Of course, I’m not the only one: In San Francisco, we lost 90 percent of our transit ridership, as did many of the 25 cities I work with through the Climate Challenge. The lost revenue gutted plans for growth, eliminated routes, and increased wait times for the essential workers still riding every day. According to a report by the TransitCenter foundation, service cuts hit Black and Latino residents the hardest.
And so our cities are facing tough decisions: Whether it’s painful service cuts or choices about where to place new car-free streets and bike lanes, the challenge is fundamentally about what our communities need to safely walk, ride, and roll.
Usually, cities make decisions like these by announcing a proposal at a meeting and allowing time for public comments (or sometimes at a more formal hearing or town hall). Of course, we can’t do any of that in person right now. But we must admit that the town hall model was already broken, leaving out residents who didn’t have the time or resources to get to a meeting, faced language barriers, or felt disempowered after seeing their communities ignored year after year. Too often, even when people did show up, it turned out solutions were already fully baked or that the deep, systemic solutions needed were never even on the table.
All of these failures perpetuate a racist, classist legacy of top-down city planning that leaves many low-income people and people of color — many of the essential workers riding to work today — without affordable, efficient, safe rides. While digital engagement does not inherently fix these problems, cities are having to rethink how they connect with communities. And that’s happening in some exciting ways.

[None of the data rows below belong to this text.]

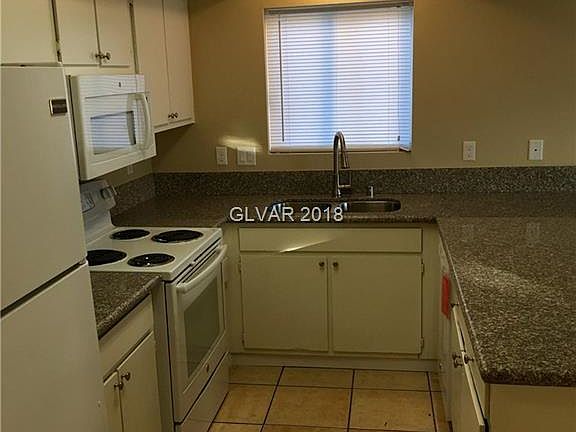 4th image of 6228 Yerba Ln APT B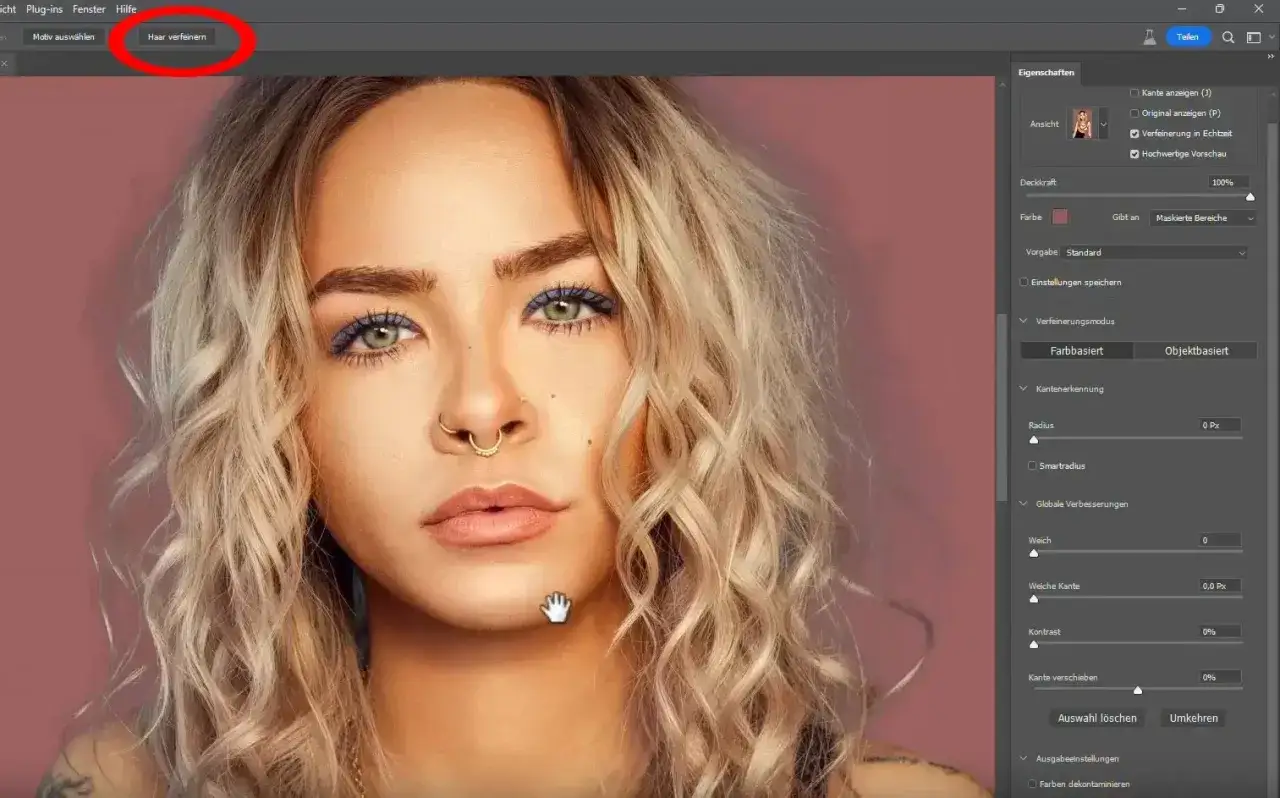 Kobieta z blond włosami w Photoshopie, gdzie zaznaczono opcję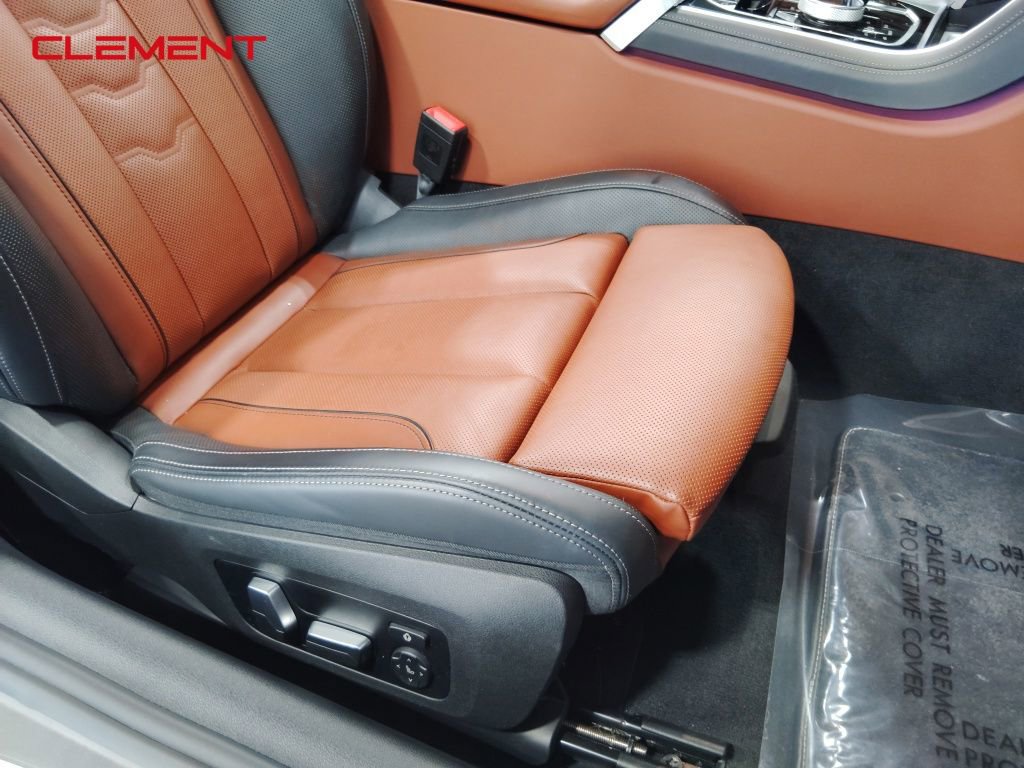 Used 2024 BMW M850i xDrive Convertible image 31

For example, at the first virtual forum for its Climate Action Plan, the city of San Diego collected real-time reactions from more than 175 attendees. When the forum host asked what changes residents want to see in their communities, responses popped up on the screen ranging from “air quality” to “coastal habitat restoration” to “electrify everything!” In response to the prompt “When you imagine a sustainable San Diego, what comes to mind?,” the group generated a live word cloud — parks, bikes, less traffic, fresh produce, resiliency.
Other cities are taking a different approach to virtual forums, hoping to collect feedback through informative websites rather than at a live event. As part of an effort to transform Pennsylvania Avenue SE in Washington, D.C., to better meet the diverging needs of cyclists, buses, and drivers, the District Department of Transportation built a microsite with all of the background information residents needed to weigh in with their ideas. The department received over 300 comments, far more than expected, highlighting the value of allowing residents to review proposals and offer opinions on their own time.
This past spring, Denver’s Climate Action Task Force took this approach one step further when they used a web forum to gather residents’ opinions on dozens of ideas, ranging from expanding electric car-shares to providing subsidized transit fares for certain residents. The effort was incredibly successful: People indicated opposition or support for ideas, added in proposals of their own for consideration, and had the chance to view the perspectives of others in real time.
Of course, even the most engaging website or presentation is not immune from one of the key challenges to effective public engagement: language barriers. That’s why, as part of the community outreach in planning a new electric vehicle car-share and charging network, Minneapolis and St. Paul have translated materials and surveys to serve Hmong, Somali, Karen, Oromo, and Spanish-speaking residents.
As we’re considering what equitable engagement truly means, it’s clear we’ve all got room to grow. For example, how are we reaching people without internet access at home or people who aren’t used to using technology at all? What structures can we put in place to make sure that cities truly incorporate feedback into planning? What does it look like for communities to set their own priorities and make their own decisions about how to use street space?
Asking the big questions will have value far beyond this year, and that’s exactly the point. If we can truly meet this moment, 2020 will surely have been a transformative year for transit — even if some of us just stayed home.